Sermon: God Chooses Love

Scriptures: Ephesians 1:3-14; John 1:1-18

Preached: Jan. 5, 2020 at Nottingham Presbyterian Church by Rev. Merritt N. Schatz


          Fifty years ago on Christmas Eve, astronauts looked out the window of their space capsule and were awed by the sight of the earth rising from behind the moon. One quickly located his color film and then took the now famous “blue marble” picture. The picture captured a view of our planet as we had never before seen. It is magnificent in its vibrant color, and awesome in its depiction of earth’s dynamic complexity. For the astronauts who first saw this sight, it was also a reminder that what they knew in their heads to be true, was now reality staring them in the face. They had left the planet earth; they were far enough away to see it completely.

          We have spent the last several weeks at ground level with the story of the birth of Jesus Christ. This morning, with our passage from the gospel according to John, we are catapulted into the outer space of faith. We have pulled back from the familiar, homey scene of the stable and the baby, to a cosmic picture of the world and of the divine. In doing so, we gain a magnificent perspective which reveals ever more clearly the significance of what happened in that stable on that night over 2,000 years ago.
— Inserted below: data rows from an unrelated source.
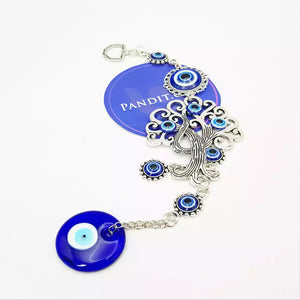 Tree Evil Eye Hanging For Good Luck
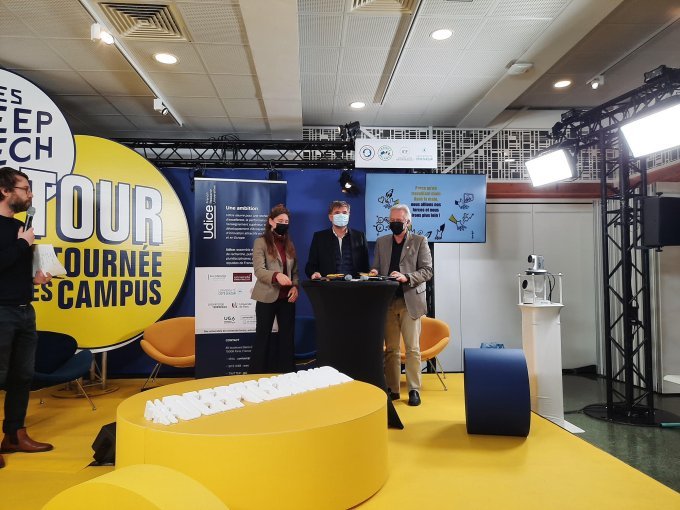 Bpifrance et UDICE unisse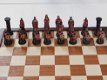 Mooi schaakspel , CRUSADE Red VS White , schaakspel - 2 - Thumbnail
          “In the beginning was the Word, and the Word was with God, and the Word was God. He was in the beginning with God. All things came into being through him, and without him not one thing came into being. And the Word became flesh and lived among us, and we have seen his glory.” John does not tell us of Mary and Joseph’s visits with angels, nor of the shepherds or even the Wise Men. John tells us that this birth of a baby was a part of God’s plan from the beginning; that all creation receives its life from this Word that became flesh. This Word, this Word which was from the beginning with God, this Word who was God, came and made his dwelling with us. The Greek for this phrase is actually that the Word came and pitched a tent among us – an image particularly chosen to ring true to a group of people who knew more about living in tents than we do. Eugene Peterson, in his modern paraphrase of this verse declares, “The Word became flesh and moved into the neighborhood.” My first thought on reading this version was that it seemed so impersonal – Christ dwelling outside us rather than within us. Yet the more I considered it, the more I like this version. What a thought! The power that created all that is, that gives life to all, comes and lives in my neighborhood – in your neighborhood, in this neighborhood. I wonder if Mr. Rogers knew this translation – or if Eugene Peterson took his cue from Mr. Rogers! Either way the image is impressive! From the beginning, when creation was first conceived, God planned to be a part of the community, to dwell with us, in our neighborhoods. It is as if that magnificent blue marble picture of the earth is given life. We are able to travel with the astronauts as they re-enter the earth’s atmosphere and can see the continents, then the nations, then the states and cities come into focus, until ultimately we return to our own neighborhoods and see the familiar streets and landmarks. Yet somehow, in all this, we retain the presence of the divine perspective. It is God the One and Only Begotten Son, who is at the Father’s side, who has made God known in this very personal and community way.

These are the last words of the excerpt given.